Design of Black Phosphorus 2D Nanomechanical Resonators by Exploiting the Intrinsic Mechanical Anisotropy

TL;DR

This paper explores the design of black phosphorus 2D nanomechanical resonators by leveraging its intrinsic mechanical anisotropy, revealing unique multimode resonant behaviors and orientation-dependent responses for advanced device applications.

Contribution

It provides a combined analytical and numerical framework to understand and utilize black phosphorus's anisotropic mechanical properties in nanomechanical resonator design.

Findings

Thicker black P devices show pronounced anisotropic resonant signatures.

Anisotropy leads to unique multimode resonant characteristics.

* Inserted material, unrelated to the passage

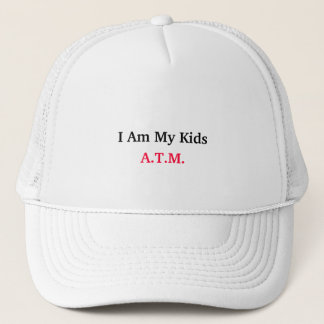 lurar a.t.m.-hatten keps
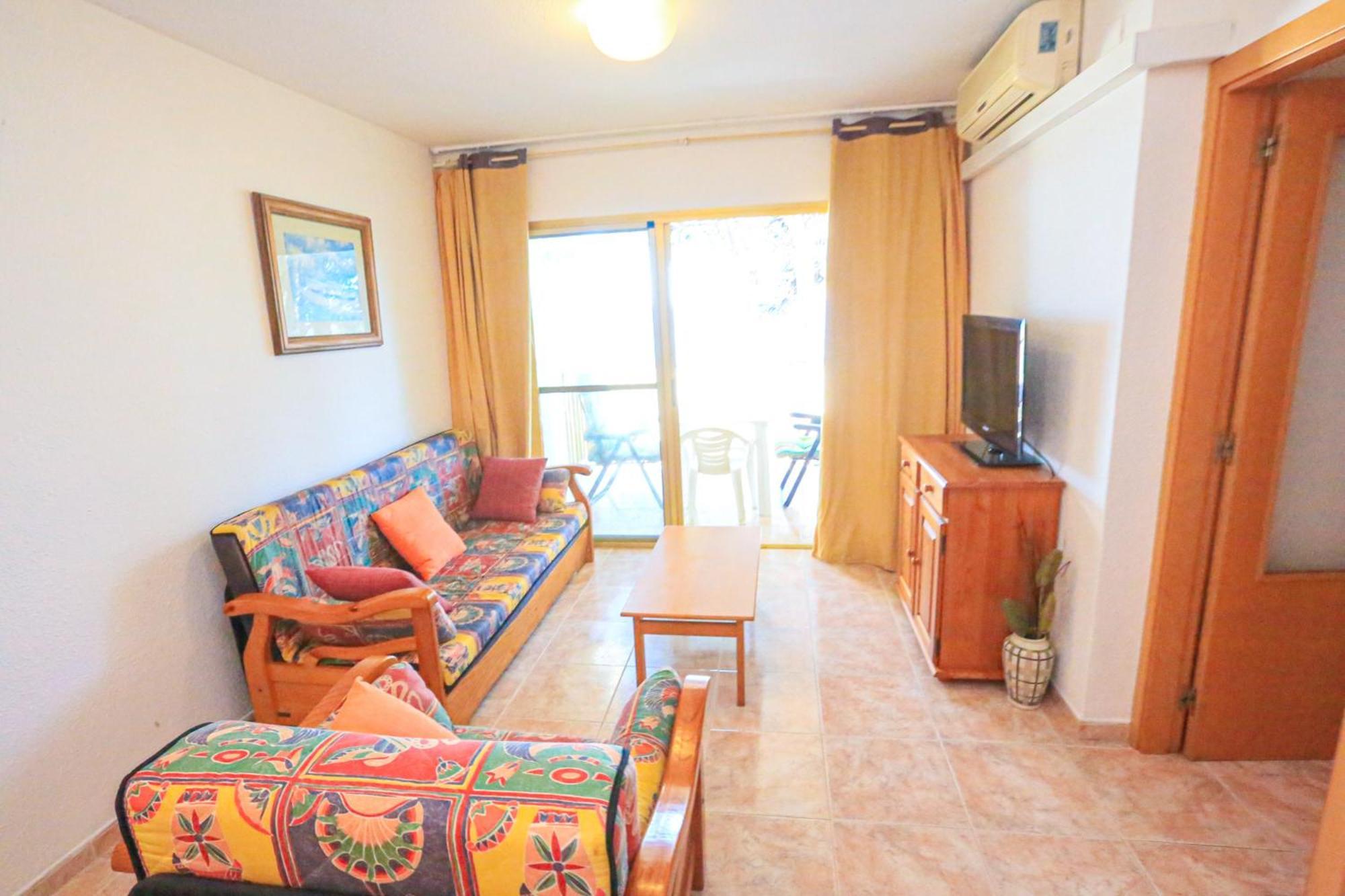 Apartament Playmar Litoral Costa Dorada - Only Families Cambrils Zewnętrze zdjęcie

Device geometry and crystal orientation significantly influence resonant responses.

Abstract

Black phosphorus (P), a layered material that can be isolated down to individual 2D crystalline sheets, exhibits highly anisotropic mechanical properties due to its corrugated crystal structure in each atomic layer, which are intriguing for 2D nanomechanical devices. Here we lay the framework for describing the mechanical resonant responses in free-standing black P structures, by using a combination of analytical modeling and numerical simulation. We find that thicker devices (>100nm) operating in the elastic plate regime exhibit pronounced signatures of mechanical anisotropy, and can lead to new multimode resonant characteristics in terms of mode sequences, shapes, and orientational preferences that are unavailable in nanomechanical resonators made of isotropic materials. In addition, through investigating devices with different geometries, we identify the resonant response's dependence on crystal orientation in asymmetric devices, and evaluate the effects from the degree of anisotropy. The results suggest a pathway towards harnessing the mechanical anisotropy in black P for building novel 2D nanomechanical devices and resonant transducers with engineerable multimode functions.